*** Opening of SOURCE DATA ***

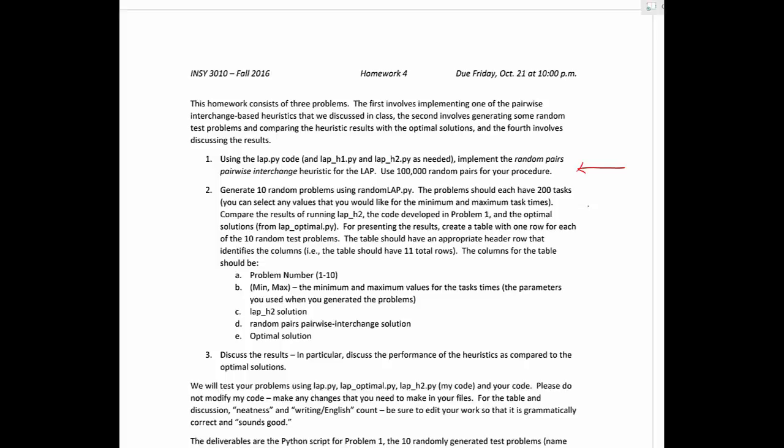The second problem, you will generate 10 random problems using my code, the random LAP code, and I give you the specific task size that you want. I want you to have 200 tasks, and then there's a minimum and maximum task time, and you can select those to be whatever you'd like to do.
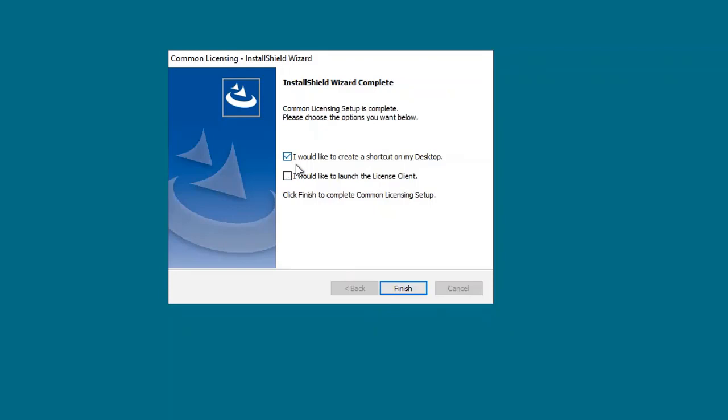Let the wizard run here. And then when it completes, you're going to see this message. I'm just going to select to put it on the desktop and then click finish.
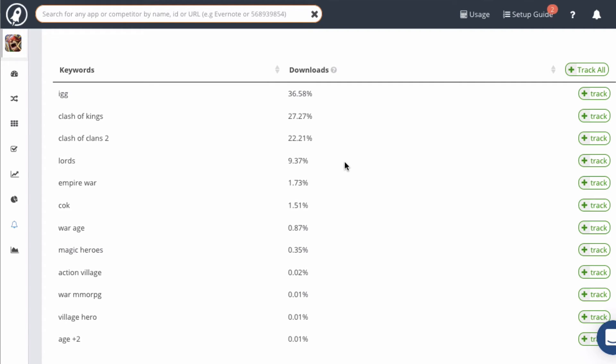For example, we estimate that the keyword IGG contributes 36.58% of the organic downloads of this app. Now if I was a game competing with this app, the most interesting keyword here would be Clash of Clans 2. This is because there is no such game as Clash of Clans 2, so IGG has figured out that people are searching for it and they're targeting that keyword on their keyword list, which is pretty smart. So if you have a competing app, you can target that keyword also.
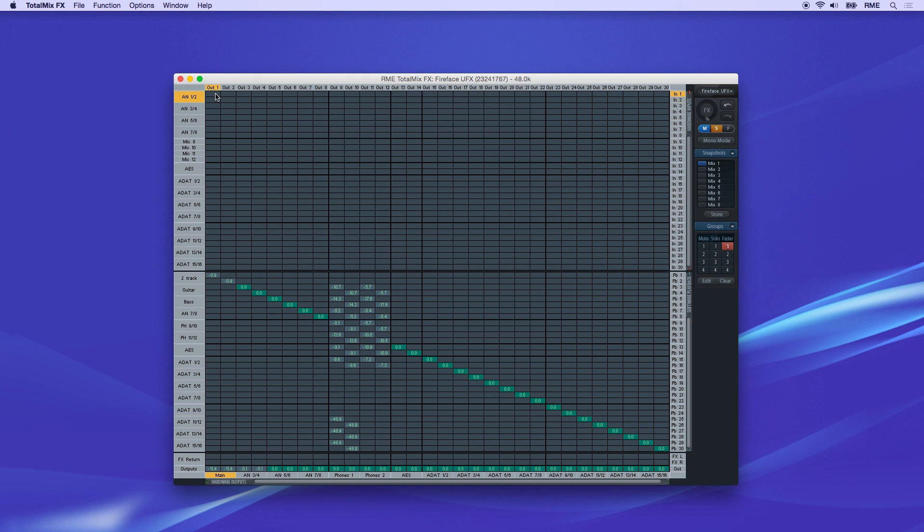The bottom row of the mixer, Hardware Outputs, is represented here by the vertical columns.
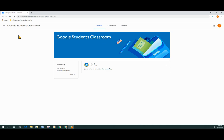The landing spot inside of the classroom is the stream tab. The stream tab is where teachers make announcements. They may also have shortcuts to homework listed on the stream as well.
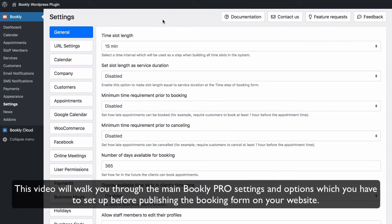Hi, this video will walk you through the main Bookly Pro settings and options which you have to set up before publishing the booking form on your website.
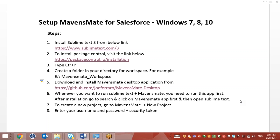Hello guys. I will be creating a video tutorial series on how to set up Sublime Text for Salesforce development and use MavensMate's Salesforce IDE with Sublime Text.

*** Close of SOURCE DATA ***

-- TASK BRIEF --
Set down, exactly as written above, each line from the one with "The bottom row" through the one with "Hi, this video", and skip the pictures.

-- ANSWER TO THIS TASK --
The bottom row of the mixer, Hardware Outputs, is represented here by the vertical columns.
The landing spot inside of the classroom is the stream tab. The stream tab is where teachers make announcements. They may also have shortcuts to homework listed on the stream as well.
Hi, this video will walk you through the main Bookly Pro settings and options which you have to set up before publishing the booking form on your website.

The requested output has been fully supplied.